Coalition frontbencher Eric Abetz has lashed out at Government colleagues who are leaking anonymously to journalists.
“I think it’s gutless,” Senator Abetz told AM. “It’s a breach of the rules.
“If somebody is gutless and in breach of the rules one really wonders why a journalist even bothers to repeat comments from such an individual.
“Every now and then you have these breakouts, which are unfortunate.
“Those journalists that deal with those people should be asking the question – what motivates?”
Senator Abetz said he spoke to his colleagues “face-to-face or not at all” and said he was “not one of those people who has unattributed comments in the media.”
The criticism came after yesterday’s Coalition joint party room meeting where Prime Minister Tony Abbott said ministers have been “read the riot act” for having public spats in the wake of last week’s messy gay marriage debate.
Admitting it had been a scrappy fortnight for the Government, Mr Abbott told the joint-party room meeting that ministers had been warned there “would be consequences” for any who did not maintain discipline in future.

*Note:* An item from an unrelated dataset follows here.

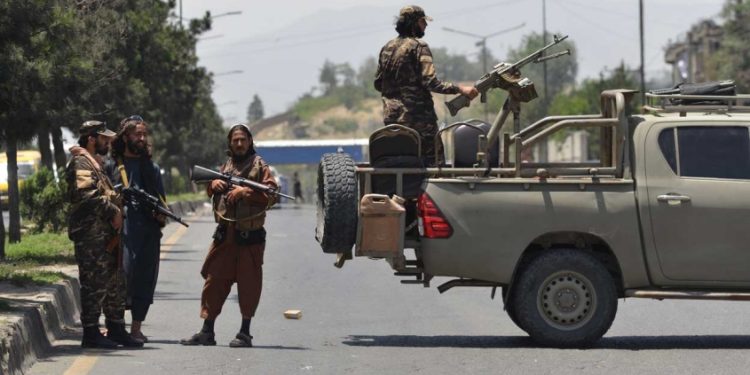 മോഷണക്കുറ്റത്തിന് പ്രാകൃതശിക്ഷ: പൊതുസ്ഥലത്ത് 4 പേരുടെ കൈ വെട്ടി താലിബാൻ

During the meeting, one backbencher castigated her colleagues for their behaviour.
Member for Gilmore, Ann Sudmalis, spent five minutes berating ministers for what she saw as the debacle after the same-sex marriage debate last week.
She said Cabinet ministers were sacrificing people in marginal seats for the luxury of expressing their own views in public, and called for “unity”.
“I didn’t take on this position to see my country’s future frittered away,” Ms Sudmalis told ABC local radio after the meeting.
“I just added some perspective on it from a marginal seat holder, saying that we’ve got a great message to take forward.”
Several Liberals say during the meeting Foreign Minister Julie Bishop urged her colleagues to think about how their actions could impact on the upcoming by-election in the Western Australian seat of Canning.
One told the ABC “the message was clear, before you open your mouth think how this might play in a campaign”.
Another said the deputy Liberal leader was “making the point [that] how we fare in Canning will have implications for how the government is judged by the media and the community”.